Universal scaling laws in the gradient descent training of neural
networks
- URL: http://arxiv.org/abs/2105.00507v1
- Date: Sun, 2 May 2021 16:46:38 GMT
- Title: Universal scaling laws in the gradient descent training of neural
networks
- Authors: Maksim Velikanov and Dmitry Yarotsky
- Abstract summary: We show that the learning trajectory can be characterized by an explicit bounds at large training times.
Our results are based on spectral analysis of the evolution of a large network trained on the expected loss.

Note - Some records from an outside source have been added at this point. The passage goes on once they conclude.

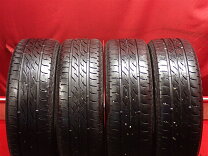 楽天市場】nextry 165／55r14 72v4本の通販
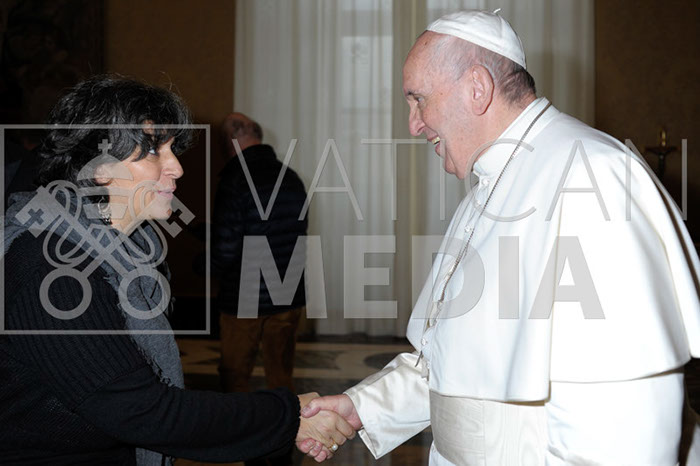 %_tempFileName00897_07122019%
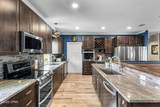 1019 Sunset Lane - Photo 21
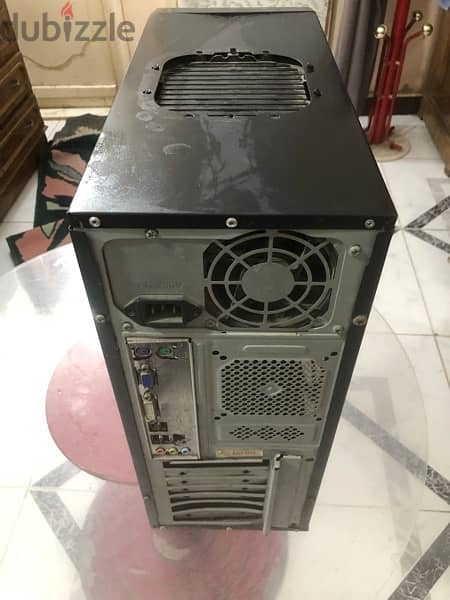 جهاز كمبيوتر 2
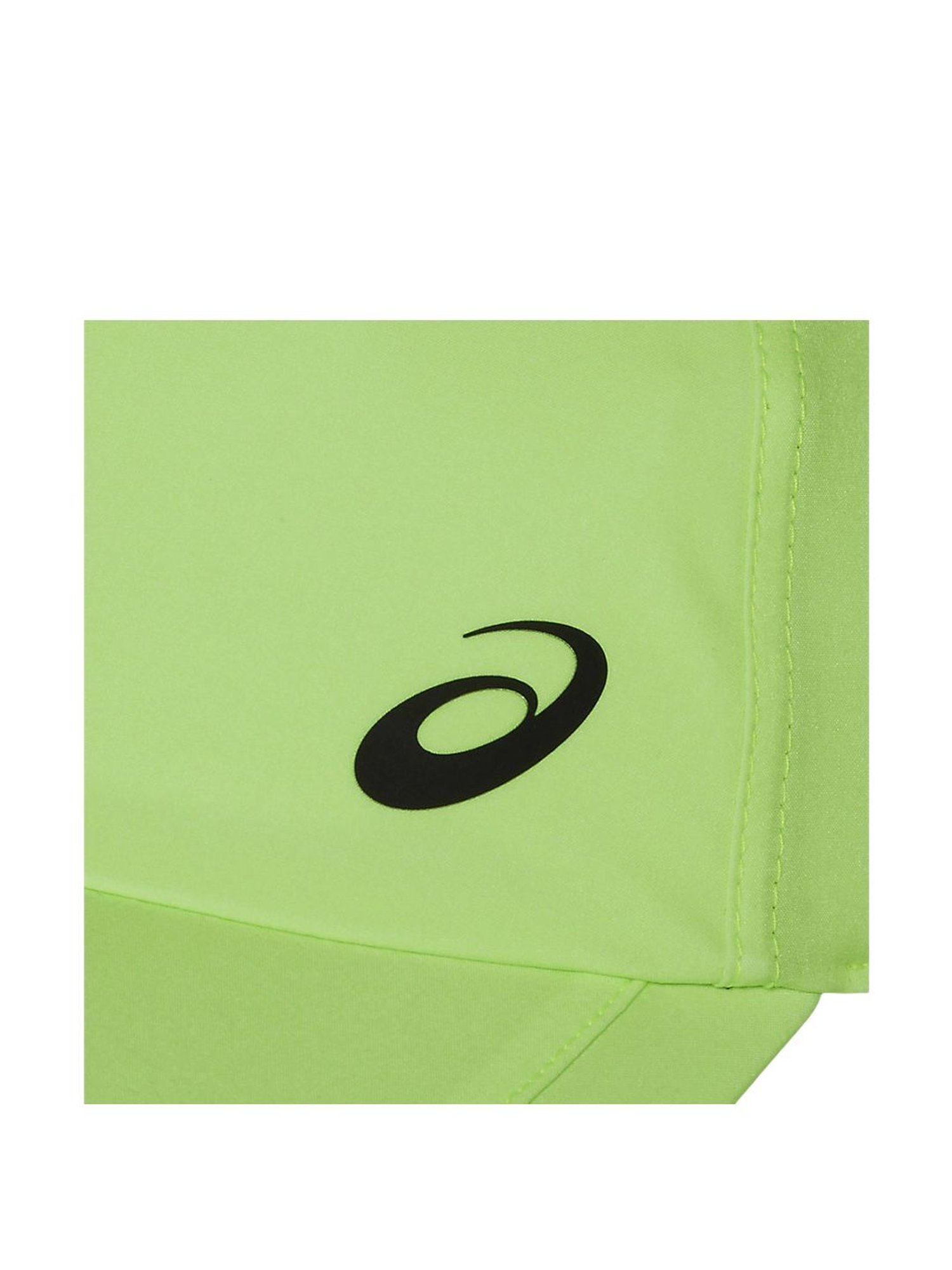 Jack & Jones Navy Blazer Embroidered Baseball Cap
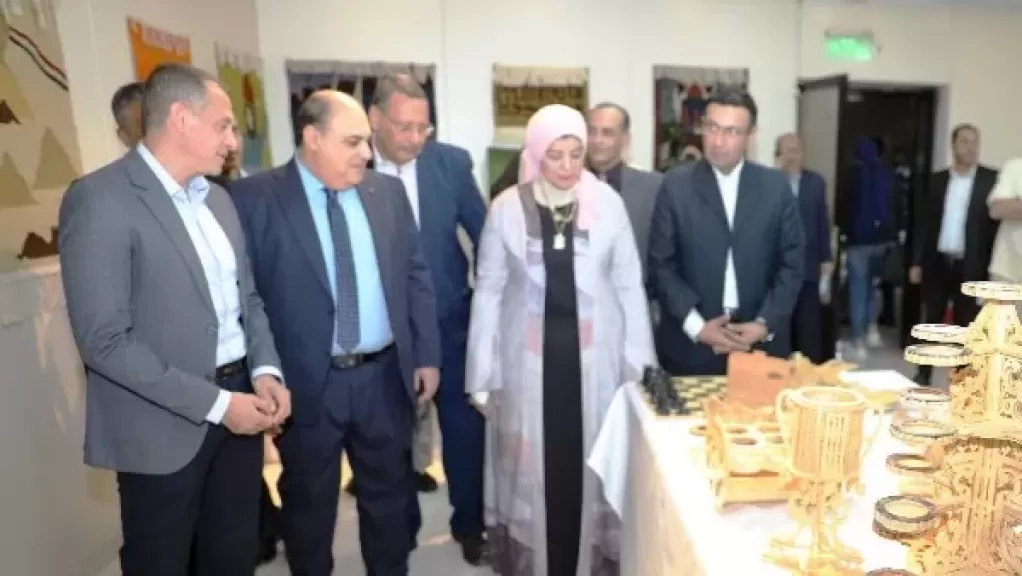 تعامد الشمس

- Score: 10.508187462682308
- License: http://arxiv.org/licenses/nonexclusive-distrib/1.0/
- Abstract: Current theoretical results on optimization trajectories of neural networks
trained by gradient descent typically have the form of rigorous but potentially
loose bounds on the loss values. In the present work we take a different
approach and show that the learning trajectory can be characterized by an
explicit asymptotic at large training times. Specifically, the leading term in
the asymptotic expansion of the loss behaves as a power law $L(t) \sim
t^{-\xi}$ with exponent $\xi$ expressed only through the data dimension, the
smoothness of the activation function, and the class of function being
approximated. Our results are based on spectral analysis of the integral
operator representing the linearized evolution of a large network trained on
the expected loss. Importantly, the techniques we employ do not require
specific form of a data distribution, for example Gaussian, thus making our
findings sufficiently universal.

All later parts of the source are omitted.